Introduction

For much of this semester, we assumed that transactions ran on databases where all of the data existed on one node (machine). This is often the case for databases with lighter workloads, but as demand increases, databases scale out to improve performance by using a Shared Nothing architecture. Each node receives a partition of the data set that is distributed based on a range or hash key and is connected to other nodes through a network. Distributed Transactions are needed for executing queries in distributed databases as a transaction may need to perform reads and writes on data that exist on different nodes.

Distributed Locking

Since every node contains data that is independent of any other node’s data, every node can maintain its own local lock table. This works if the data fits entirely within that node, such as pages or tuples of data. For coarser grained locks on data that spans multiple nodes, such as a table or database, the coarser grained locks can either be given to all nodes containing a partition of that data or be centralized at a predetermined master node. This design makes locking simple as 2 phase locking is performed at every node using local locks in order to guarantee serializability between different transactions.

When dealing with locking, deadlock is always a possibility. To determine whether deadlock has occurred in a distributed database, the waits-for graphs for each node must be unioned to find cycles as transactions can be blocked by other transactions executing on different nodes. Do this by drawing all waits-for graphs on top of each other. If a cycle is detected in this unioned graph, then there is a deadlock within the distributed system.

image image

Two Phase Commit (2 PC)

With a distributed database where transactions can be running on multiple nodes, how do the various nodes know whether to commit or abort a transaction? In either case, commit or abort, we want to ensure that all nodes reach consensus, which is to say that all nodes agree on one course of action. Consensus is implemented through Two Phase Commit and enforces the property that all nodes maintain the same view of the data. It provides this guarantee by ensuring that a distributed transaction either commits or aborts on all nodes involved. If consensus is not enforced, some nodes may commit the transaction while others abort, causing nodes to have views of data at different points in time.

Every distributed transaction is assigned a coordinator node that is responsible for maintaining consensus among all participant nodes involved in the transaction. When the transaction is ready to commit, the coordinator initiates Two Phase Commit.
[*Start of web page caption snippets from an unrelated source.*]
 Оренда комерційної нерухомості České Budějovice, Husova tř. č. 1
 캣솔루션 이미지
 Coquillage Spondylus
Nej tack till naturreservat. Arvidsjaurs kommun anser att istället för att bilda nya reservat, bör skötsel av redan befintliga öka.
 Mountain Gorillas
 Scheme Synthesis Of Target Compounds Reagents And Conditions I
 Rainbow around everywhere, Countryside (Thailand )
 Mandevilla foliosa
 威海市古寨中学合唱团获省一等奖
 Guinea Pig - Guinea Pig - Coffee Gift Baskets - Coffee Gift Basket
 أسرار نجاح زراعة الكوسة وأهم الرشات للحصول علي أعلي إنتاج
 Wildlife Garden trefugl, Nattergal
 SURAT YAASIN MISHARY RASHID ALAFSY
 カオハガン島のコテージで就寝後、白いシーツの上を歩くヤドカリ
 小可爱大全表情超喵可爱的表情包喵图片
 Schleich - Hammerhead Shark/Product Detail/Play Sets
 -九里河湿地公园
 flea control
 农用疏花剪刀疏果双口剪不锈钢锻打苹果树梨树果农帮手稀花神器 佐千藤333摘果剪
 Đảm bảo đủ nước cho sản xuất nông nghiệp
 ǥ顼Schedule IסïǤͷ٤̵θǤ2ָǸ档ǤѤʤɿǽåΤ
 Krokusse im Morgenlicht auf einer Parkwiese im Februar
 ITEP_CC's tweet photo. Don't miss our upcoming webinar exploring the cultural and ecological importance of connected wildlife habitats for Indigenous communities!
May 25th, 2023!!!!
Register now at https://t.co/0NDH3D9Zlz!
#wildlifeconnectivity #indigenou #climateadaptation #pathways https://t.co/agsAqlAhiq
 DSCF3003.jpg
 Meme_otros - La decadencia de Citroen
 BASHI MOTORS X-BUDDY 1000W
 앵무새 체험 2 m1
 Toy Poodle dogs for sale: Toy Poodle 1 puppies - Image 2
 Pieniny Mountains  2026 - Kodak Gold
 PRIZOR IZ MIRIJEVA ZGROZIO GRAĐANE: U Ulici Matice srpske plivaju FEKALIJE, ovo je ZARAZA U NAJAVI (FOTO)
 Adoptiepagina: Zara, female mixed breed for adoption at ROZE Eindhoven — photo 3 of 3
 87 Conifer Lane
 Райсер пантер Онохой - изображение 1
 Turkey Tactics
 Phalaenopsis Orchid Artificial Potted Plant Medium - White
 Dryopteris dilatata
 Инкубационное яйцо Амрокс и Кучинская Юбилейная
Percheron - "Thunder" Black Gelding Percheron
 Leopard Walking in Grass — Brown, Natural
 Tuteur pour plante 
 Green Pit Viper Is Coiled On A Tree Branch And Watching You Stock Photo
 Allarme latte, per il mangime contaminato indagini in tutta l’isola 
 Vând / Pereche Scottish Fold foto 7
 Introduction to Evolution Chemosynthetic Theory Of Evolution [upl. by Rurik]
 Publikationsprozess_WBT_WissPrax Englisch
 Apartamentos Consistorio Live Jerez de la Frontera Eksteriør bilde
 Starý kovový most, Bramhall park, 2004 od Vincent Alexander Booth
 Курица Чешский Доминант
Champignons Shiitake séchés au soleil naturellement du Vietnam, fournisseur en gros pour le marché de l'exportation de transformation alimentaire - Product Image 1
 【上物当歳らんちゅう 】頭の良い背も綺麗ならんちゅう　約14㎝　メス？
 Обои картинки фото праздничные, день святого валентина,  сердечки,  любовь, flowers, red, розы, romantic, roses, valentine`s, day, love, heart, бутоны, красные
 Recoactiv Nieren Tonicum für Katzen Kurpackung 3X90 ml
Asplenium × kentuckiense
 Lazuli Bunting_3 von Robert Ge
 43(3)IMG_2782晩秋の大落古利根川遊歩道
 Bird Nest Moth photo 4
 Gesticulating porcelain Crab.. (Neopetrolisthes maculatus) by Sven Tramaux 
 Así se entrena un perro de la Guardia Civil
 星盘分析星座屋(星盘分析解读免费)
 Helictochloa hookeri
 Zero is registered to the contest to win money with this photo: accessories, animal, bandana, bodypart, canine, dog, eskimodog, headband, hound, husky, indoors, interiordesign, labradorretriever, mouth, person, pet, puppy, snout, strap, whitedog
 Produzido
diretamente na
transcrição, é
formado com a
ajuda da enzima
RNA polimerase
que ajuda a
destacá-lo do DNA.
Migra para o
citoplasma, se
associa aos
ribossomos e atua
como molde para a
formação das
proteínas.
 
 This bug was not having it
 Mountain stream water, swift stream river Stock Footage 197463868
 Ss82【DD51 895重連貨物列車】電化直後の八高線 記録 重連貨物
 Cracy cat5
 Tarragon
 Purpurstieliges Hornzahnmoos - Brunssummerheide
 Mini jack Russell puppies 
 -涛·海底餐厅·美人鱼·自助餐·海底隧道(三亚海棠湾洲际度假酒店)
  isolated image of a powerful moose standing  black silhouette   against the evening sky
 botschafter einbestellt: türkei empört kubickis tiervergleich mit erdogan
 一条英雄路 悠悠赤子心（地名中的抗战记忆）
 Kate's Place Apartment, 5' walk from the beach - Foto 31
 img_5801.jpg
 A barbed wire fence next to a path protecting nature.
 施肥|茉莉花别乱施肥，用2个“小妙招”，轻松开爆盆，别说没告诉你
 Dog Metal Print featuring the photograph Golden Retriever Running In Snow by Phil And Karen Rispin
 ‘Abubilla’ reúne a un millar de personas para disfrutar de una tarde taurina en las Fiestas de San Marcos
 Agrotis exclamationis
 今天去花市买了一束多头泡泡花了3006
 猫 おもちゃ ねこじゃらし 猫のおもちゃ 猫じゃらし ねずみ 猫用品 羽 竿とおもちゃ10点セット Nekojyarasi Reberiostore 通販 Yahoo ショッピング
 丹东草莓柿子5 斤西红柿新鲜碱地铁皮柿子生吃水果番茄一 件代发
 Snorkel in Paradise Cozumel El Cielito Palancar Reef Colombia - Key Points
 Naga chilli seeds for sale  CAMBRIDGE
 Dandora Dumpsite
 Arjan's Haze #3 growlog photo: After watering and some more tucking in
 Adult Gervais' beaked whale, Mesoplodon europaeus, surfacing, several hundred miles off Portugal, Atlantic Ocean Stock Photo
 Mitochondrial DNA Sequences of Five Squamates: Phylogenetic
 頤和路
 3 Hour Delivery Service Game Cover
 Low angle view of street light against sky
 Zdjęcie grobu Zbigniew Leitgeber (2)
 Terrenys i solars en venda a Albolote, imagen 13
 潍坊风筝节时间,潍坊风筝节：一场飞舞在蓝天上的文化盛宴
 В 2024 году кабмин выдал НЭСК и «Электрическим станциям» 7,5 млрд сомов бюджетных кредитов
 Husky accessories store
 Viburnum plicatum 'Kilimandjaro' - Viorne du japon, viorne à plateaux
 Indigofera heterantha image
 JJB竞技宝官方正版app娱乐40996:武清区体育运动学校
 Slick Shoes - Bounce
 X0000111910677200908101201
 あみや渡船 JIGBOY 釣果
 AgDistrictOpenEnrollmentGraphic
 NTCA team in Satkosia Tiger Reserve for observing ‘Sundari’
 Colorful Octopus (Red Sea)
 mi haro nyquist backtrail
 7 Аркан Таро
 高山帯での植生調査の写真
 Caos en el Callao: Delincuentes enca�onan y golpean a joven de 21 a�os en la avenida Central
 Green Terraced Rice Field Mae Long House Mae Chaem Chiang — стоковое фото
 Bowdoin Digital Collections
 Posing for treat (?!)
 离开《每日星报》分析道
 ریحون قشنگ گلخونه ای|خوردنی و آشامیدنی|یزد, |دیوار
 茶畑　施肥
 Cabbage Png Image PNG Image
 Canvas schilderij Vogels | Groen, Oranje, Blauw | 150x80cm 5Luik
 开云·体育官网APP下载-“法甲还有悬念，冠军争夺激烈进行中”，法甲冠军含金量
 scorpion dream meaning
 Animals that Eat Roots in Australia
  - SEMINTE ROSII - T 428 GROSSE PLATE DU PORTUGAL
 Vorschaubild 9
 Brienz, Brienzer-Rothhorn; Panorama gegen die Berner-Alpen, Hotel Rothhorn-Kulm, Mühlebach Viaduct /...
2 PC’s first phase is the preparation phase:

  1. Coordinator sends prepare message to participants to tell participants to either prepare for commit or abort

  2. Participants generate a prepare or abort record and flush record to disk

  3. Participants send yes vote to coordinator if prepare record is flushed or no vote if abort record is flushed

  4. Coordinator generates a commit record if it receives unanimous yes votes or an abort record otherwise, and flushes the record to disk


2 PC’s second phase is the commit/abort phase:

  1. Coordinator broadcasts (sends message to every participant) the result of the commit/abort vote based on flushed record

  2. Participants generate a commit or abort record based on the received vote message and flush record to disk

  3. Participants send an ACK (acknowledgement) message to the coordinator

  4. Coordinator generates an end record once all ACKs are received and flushes the record sometime in the future

image


The asterisk * in the diagram above means that the node must wait for that log record to flush to disk before sending the next message.

Distributed Recovery (2PC)

It is also important that the Two-Phase Commit protocol maintains consensus among all nodes even in the presence of node failures. In other words – suppose a node were to fail at an arbitrary point in the protocol. When this node comes back online, it should still end up making the same decision as all the other nodes in the database.

How do we accomplish this? Luckily, the 2PC protocol tells us to log the prepare, commit, and abort records. This means that between looking at our own log, and talking to the coordinator node, we will have all the information needed to accomplish recovery correctly (for most failure scenarios).

An important assumption we will make for now is that failures are temporary and that all nodes eventually recover. Many of 2PC’s invariants break down without this assumption, but that is beyond the scope of this class.

Let’s look at the specifics. We will analyze what happens for a failure at each possible point in the protocol, for either the participant or the coordinator.

Note that in some cases, we can determine what recovery decisions to make just by looking at our own log. In other cases, however, we might also have to talk to the coordinator; we wrap this logic in a separate process called the recovery process.

The possible failures, in chronological order:

  • Participant is recovering, and sees no prepare record.

    • This probably means that the participant has not even started 2PC yet – and if it has, it hasn’t yet sent out any vote messages (since votes are sent after flushing the log record to disk).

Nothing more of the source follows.